# Exercise - Regular Expressions & Web Scraping (2022 NHL Statistics)

## Objective: Show the top 3 Colorado Avalanche players that scored the most points during the 2021-2022 NHL season 

(Stats source: [Covers.com](https://www.covers.com/sport/hockey/nhl/players/statistics/points/2021-2022))

### To-Do List for future expanded project / separate repository:
* Allow varied user input (e.g. "ranger", "arizona", etc.) + use list of team name abbreviations & regex to determine which team the user is referring to

* Based on above, update functions to be applicable for all NHL teams

* Update standard setup for BeatifulSoup to allow dynamic URL season by season changes (may also need to include in user input)

* Once everything is functional, consider adding it to website portfolio (more details/image of players?)


In [304]:
import requests # one of the ways to connect to websites via Python
from bs4 import BeautifulSoup # allows you to go through page source and get data
import re # regular expressions library

In [305]:
def get_nhl_stats():

    ###### STANDARD SETUP FOR BEATUIFULSOUP ######
    url = "https://www.covers.com/sport/hockey/nhl/players/statistics/points/2021-2022"

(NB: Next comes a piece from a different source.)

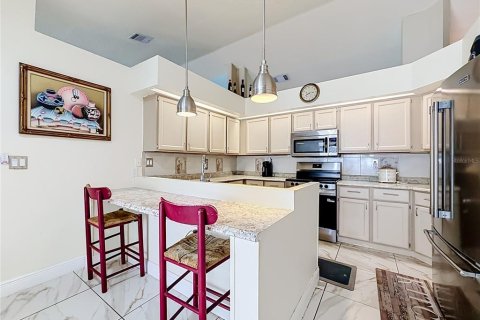 Casa en venta en Kissimmee, Florida, 5 dormitorios, 319.03 m2 № 2308759 - foto 13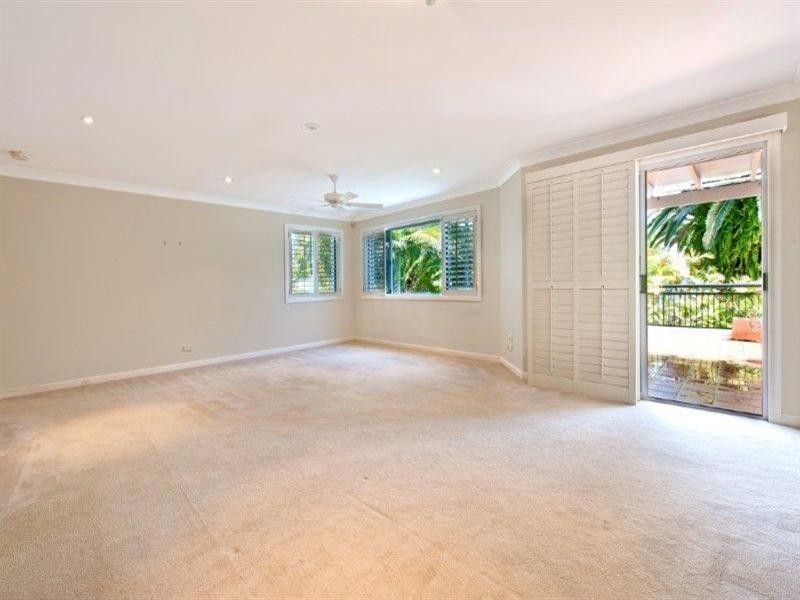 100 Cotlew Street East, Southport QLD 4215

    # GET request; stores page HTML source in variable
    source_code = requests.get(url) 

    # gets the front end text of the HTMl source code; ignoring back end stuff; essentally parses through HTML source
    plain_text = source_code.text 

    # can sort through this variable
    soup = BeautifulSoup(plain_text) 


    table = soup.find("table", attrs={"id": "PostSeason"})
    table_headers = table.thead.find_all("th") # find all th's within table's thead section
    table_rows = table.tbody.find_all("tr") # find all tr's within table's tbody section

    ###### CREATE LIST OF HEADERS ######
    list_of_headings = []

    for headers in table_headers:
        # remove any newlines and extra spaces from left and right 
        list_of_headings.append(headers.text.replace('\n', ' ').strip())
        
    #print(list_of_headings)  #['# Player', 'Team', 'POS', 'GP', '+/-', 'SOG', 'PPG', 'SHG', 'G', 'A', 'P']

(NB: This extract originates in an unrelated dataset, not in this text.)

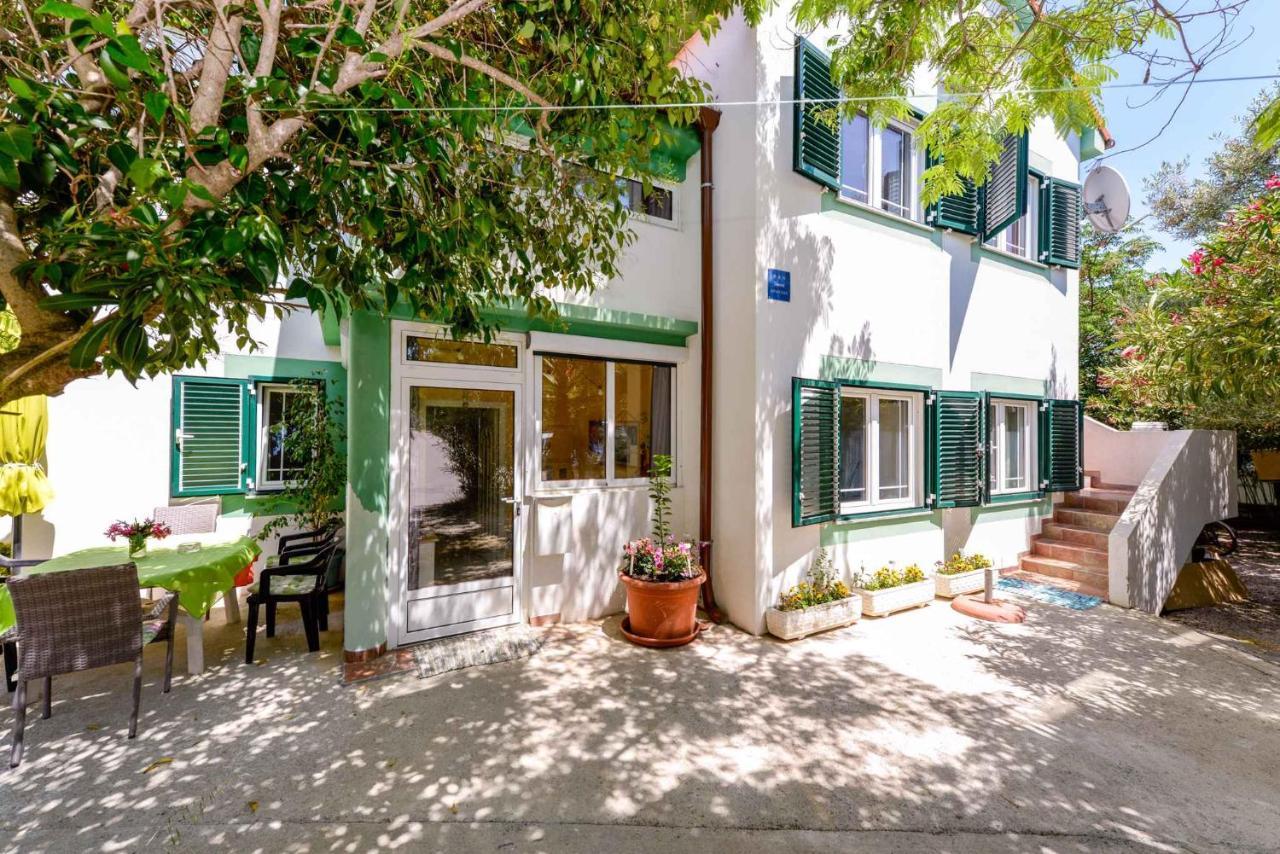 Apartments In Vir/Insel Vir 34750 외부 사진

    ###### CREATE LIST OF TABLE ROW DATA & COMBINE W/ HEADERS TO MAKE DICTIONARY ######
    # list of multiple dictionaries
    table_data = []

    for rows in table_rows: 

        # each row is stored as dictionary consisting of the data
        # EXAMPLE: rows = {'# Player': '', 'Team': '', 'POS': '', ...}
        rows_dict = {}

        # zip() allows you to combine two pieces of data & iterate over them as a tuple
        for td, header in zip(rows.find_all("td"), list_of_headings): 
            # to fix issue where number before player's name didn't have a space between the number & name
            if header == '# Player': 
                rows_dict[header] = td.text.replace('\n', ' ').rstrip().lstrip()
            else:
                rows_dict[header] = td.text.replace('\n', '').strip()

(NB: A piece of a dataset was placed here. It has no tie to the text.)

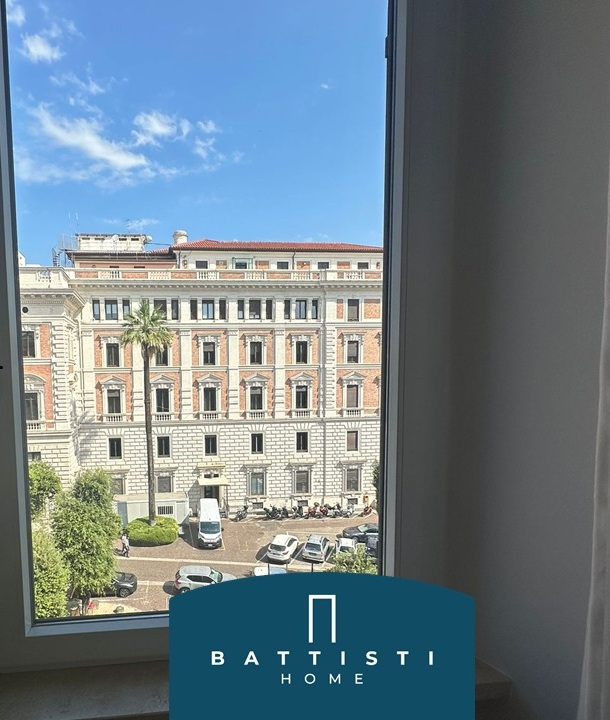 Roma Affitto Appartamento trilocale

        table_data.append(rows_dict)




    return table_data


In [306]:
# list consisting of multiple table rows as key[headers], value[data] dictionaries
get_nhl_stats()

for x in get_nhl_stats():
    print(x)

{'# Player': '1 C. McDavid', 'Team': 'EDM', 'POS': 'C', 'GP': '16', '+/-': '15', 'SOG': '61', 'PPG': '2', 'SHG': '0', 'G': '10', 'A': '23', 'P': '33'}
{'# Player': '2 L. Draisaitl', 'Team': 'EDM', 'POS': 'C', 'GP': '16', '+/-': '4', 'SOG': '44', 'PPG': '3', 'SHG': '1', 'G': '7', 'A': '25', 'P': '32'}
{'# Player': '3 C. Makar', 'Team': 'COL', 'POS': 'D', 'GP': '18', '+/-': '8', 'SOG': '65', 'PPG': '2', 'SHG': '1', 'G': '7', 'A': '20', 'P': '27'}
{'# Player': '4 N. Kucherov', 'Team': 'TB', 'POS': 'RW', 'GP': '21', '+/-': '5', 'SOG': '69', 'PPG': '5', 'SHG': '0', 'G': '7', 'A': '19', 'P': '26'}
{'# Player': '5 M. Rantanen', 'Team': 'COL', 'POS': 'RW', 'GP': '18', '+/-': '2', 'SOG': '51', 'PPG': '1', 'SHG': '0', 'G': '5', 'A': '20', 'P': '25'}
{'# Player': '6 M. Zibanejad', 'Team': 'NYR', 'POS': 'C', 'GP': '20', '+/-': '0', 'SOG': '63', 'PPG': '6', 'SHG': '0', 'G': '10', 'A': '14', 'P': '24'}
{'# Player': '7 A. Fox', 'Team': 'NYR', 'POS': 'D', 'GP': '20', '+/-': '0', 'SOG': '42', 'PPG': '2

In [307]:
## ASSIGNING VARIABLE
data = get_nhl_stats()

In [308]:
def top_avs_player_stats_regex():
    player_points_tuples_list = []

    for player_row in data:
        if player_row['Team'] == 'COL' and player_row != None:
            player_name_orig = str(player_row['# Player'])
            player_name_txt_only = (re.findall(r'([A-Z].+)', player_name_orig))[0]
            
            # getting & sorting player points using tuples
            points_scored = int(player_row['P'])
            
            player_points_tuples_list.append((points_scored, player_name_txt_only)) # reversed tuple (value, key) pair for sorting
            player_points_tuples_list = sorted(player_points_tuples_list, reverse=True) # points sorted in descending order
    for v, k in player_points_tuples_list[:3]:
        print(k, "---", v, "goals scored this season")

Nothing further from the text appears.